SAYA SIH BELUM SAMPAI KE TINGKAT “SUFI” :)
Sepekan sebelum Lebaran, pengurus RT sudah mendata siapa saja yang akan mudik sekeluarga dan meninggalkan rumah dalam keadaan kosong. Sebuah kesiapsiagaan yang wajar. Orang belajar dari pengalaman, kan?
Satpam lingkungan juga diwanti-wanti untuk meningkatkan kewaspadaan menjelang, selama, dan sesudah Lebaran. Apa boleh buat.
Tetangga sebelah saya, yang mudik, menitipkan kunci kepada keluarga saya.

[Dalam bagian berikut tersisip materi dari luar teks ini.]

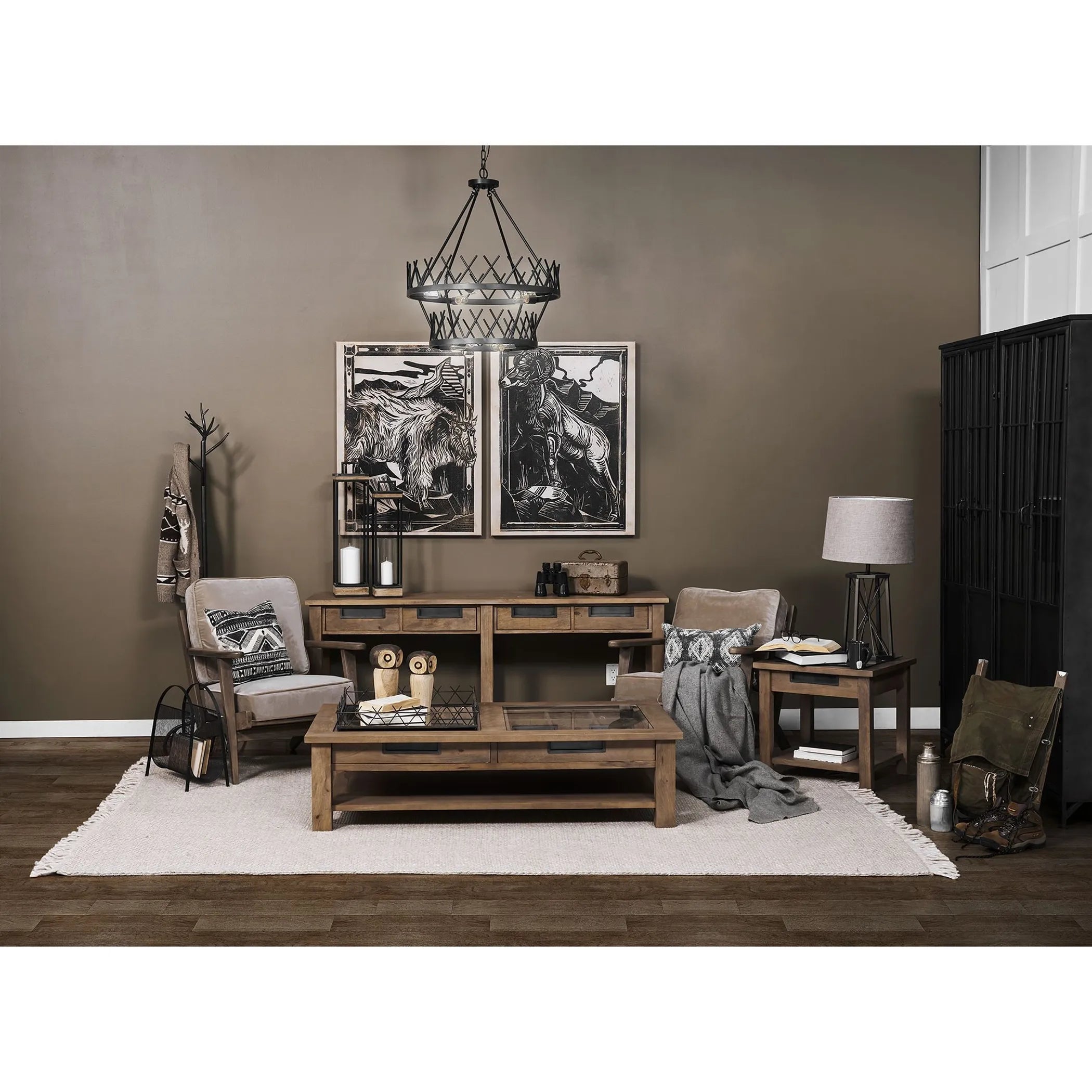 29″ Bronze Lamp Base LED With Beige Shade — view 3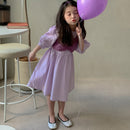 Girls Fake Two Purple Short-sleeved Princess Dresses In Summer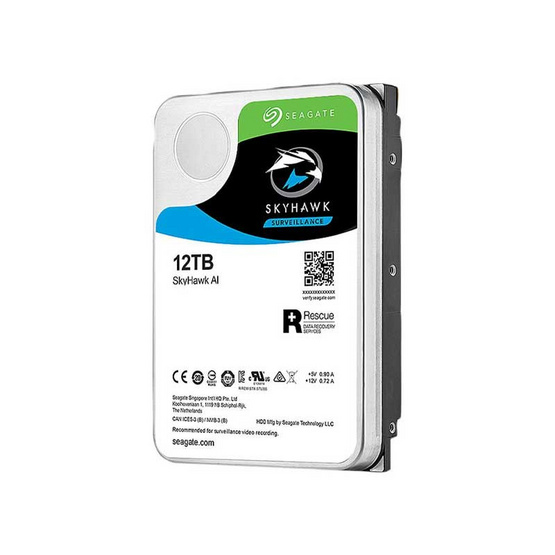 Seagate ฮาร์ดดิสก์ SkyHawk AI 3.5 นิ้ว Cache 256MB 7200RPM 12TB (ST12000VE001)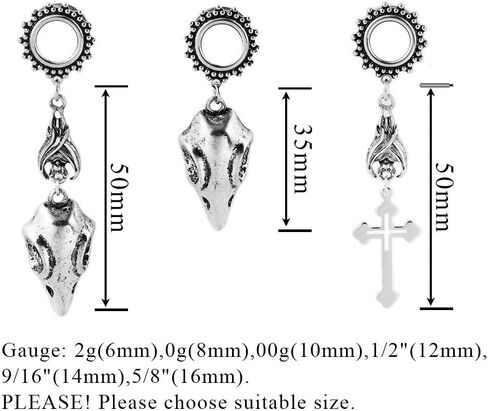 LADEMAYH 2Pcs 0g Plugs for Women, Elegant Silver Size 0 Gauge Earrings, Exquisite Patterns Surgical Steel Ear Tunnels Saddle in Saudi Arabia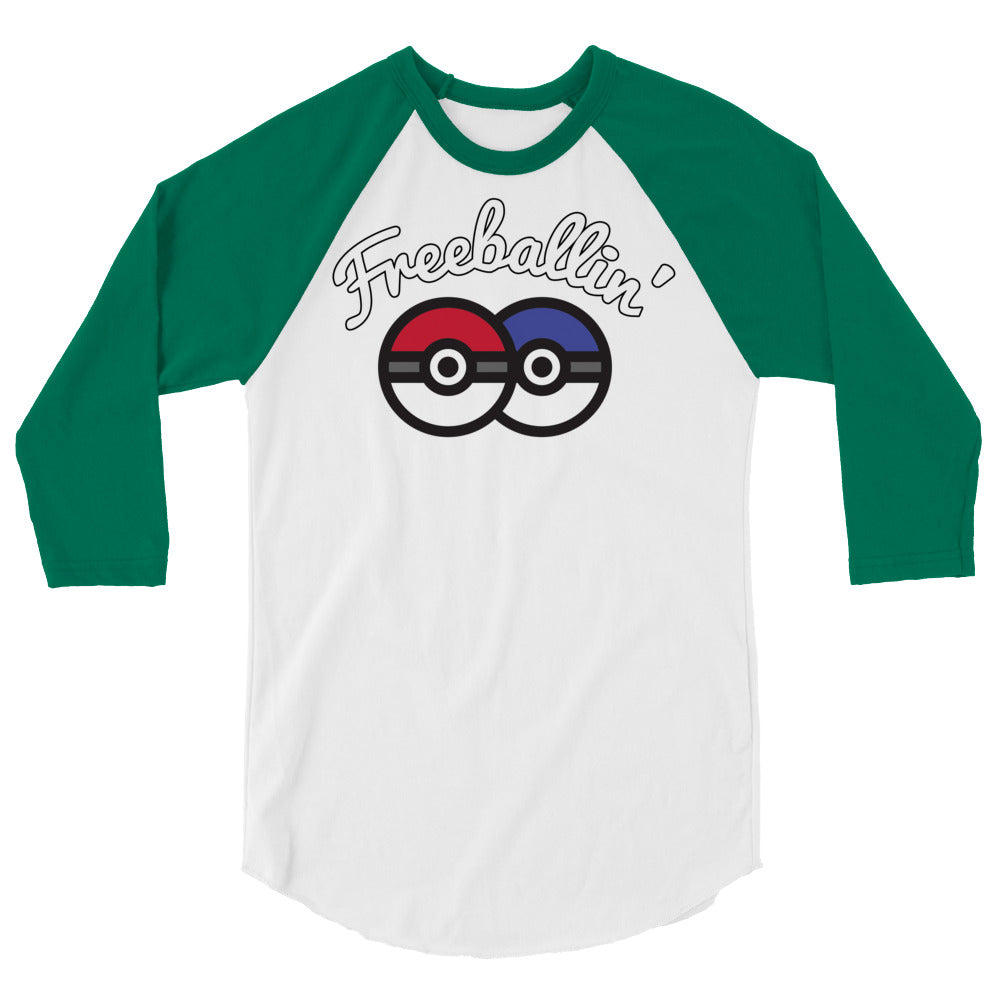 Debut garment mockup | Freeballin' (Raglan) | White/Kelly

Juga meminta, kalau kami sempat, mengurusi tanamannya. Sebagai imbalan (selain oleh-oleh, hehe) kami boleh memakai carport-nya untuk kendaraan kami. Yah begitulah hidup bertetangga. Saling bantu.
Benarkah Lebaran cenderung meningkatkan kejahatan?
Nanti dulu. Masalahnya bukan pada Lebaran tapi hari raya yang tentu saja dirayakan. Dirayakan dengan tuntutan belanja bagi orang tertentu, sehingga bisa menyesakkan yang kurang uang dan suka jalan pintas. Dirayakan dengan berkumpul bersama keluarga besar di luar kota atau daerah asal, sehingga rumah akan kosong dan mengundang orang jahat.
Karena menyangkut hari raya, maka Natal pun bisa begitu. Ada kebutuhan untuk beli dan itu. Ada dorongan untuk tinggalkan rumah. Semuanya, bagi orang tertentu, mempersubur peluang untuk berlaku jahat.
Polisi dan kriminolog punya sejumlah data dan anjuran pengingat sekitar hari raya. Baiklah, itu sesuai bidang tugas dan keahlian mereka.
Pada tingkat personal ada hal yang sering menggundahkan kita. Dalam batas apakah kita sebetulnya siap kehilangan barang-barang — yang kita peroleh dengan (ibaratnya) darah, keringat, dan air mata — sebelum kita kemalingan?